Andando verso l’Oriente, oltre il Donez, sulle steppe del Don, il sentimento anti-bolscevico, pavido e chiuso per una abitudine al terrore, diviene più profondo nella gente matura, che ricorda. Sulla carta topografica di questa ragione vi sono nomi di paesi che non esistono più. Furono rasi al suolo, e tutti i loro abitanti trucidati, dai bolscevichi nel 1934 per cancellare col ferro e col fuoco ogni traccia dell’antica organizzazione cosacca, sospetta di zarismo.

Solo i giovani nati nel sovietismo rimangono ostili o dubitosi, educati come sono a ritenere la Russia il Paese più progredito, felice e invidiato del mondo.
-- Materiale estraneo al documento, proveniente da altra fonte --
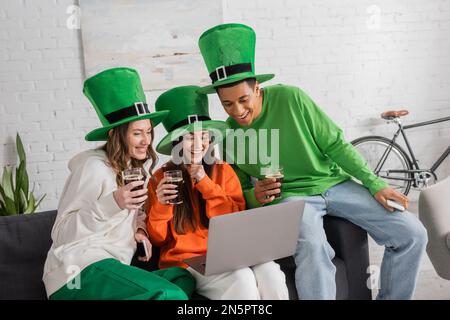 Glückliche Frauen und ein afroamerikanischer Mann in grünen Hüten, der ein Glas dunkles Bier hält, während er auf den Laptop schaut Stockfoto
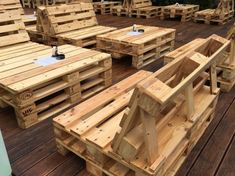 wooden pallets are arranged on the deck to be used as seating for an event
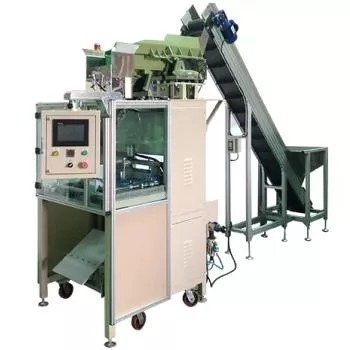 Detailed view of the TC-951's conveyor belt and filling mechanism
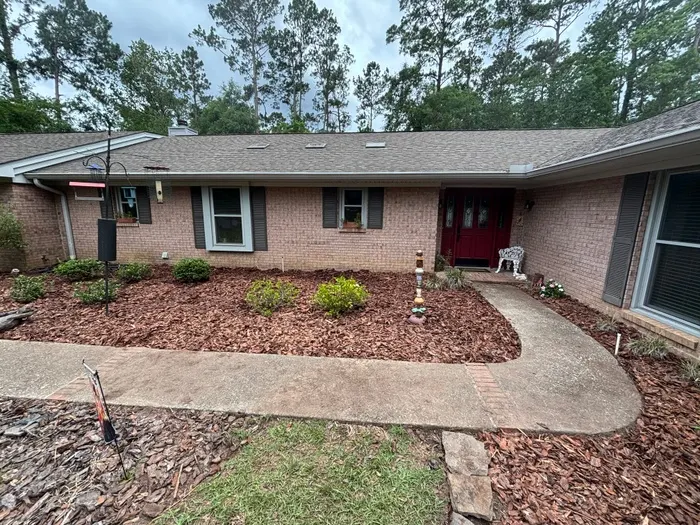 Front of a tan brick ranch with a red door, beds cleared, mulched with brown bark chips and shrubs trimmed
Domandano ingenuamente se gli italiani conoscono la luce elettrica. Sorridono quando vengono mostrate loro fotografie di città italiane e dicono, con aria furba: “Questa è propaganda, trucco, scenario cinematografico”.

Ma le chiese sono riaperte e affollate, si ritorna a festeggiare la domenica, e si vedono uomini e donne che si fanno il segno della croce passando davanti ai nostri cimiteri di guerra. Le icone sono ricomparse in molte case, e vi è una grande richiesta di immagini sacre nelle campagne.

Ritorniamo alla guerra.

La fine di settembre dell’anno scorso segnò dunque la data di un mutamento di tattica dei bolscevichi. Essi abbandonavano la difesa manovrata per attenersi ad un sistema di accanita resistenza su linee di capisaldi, dietro alla quale, nel settore meridionale del fronte, devastavano le regioni che il nemico avrebbe potuto occupare.

L’inverno si avvicinava, e i russi facevano assegnamento sul freddo mortale, che non può essere sopportato per molte ore all’aperto, per fermare l’invasione e intraprendere nelle condizioni più favorevoli per loro, una gigantesca e formidabile controffensiva.

La guerra di movimento non era riuscita ai bolscevichi nell’estate e nell’autunno, avrebbe avuto una grande probabilità di successo contro un nemico immobilizzato, inchiodato e parzialmente disarmato, dal gelo.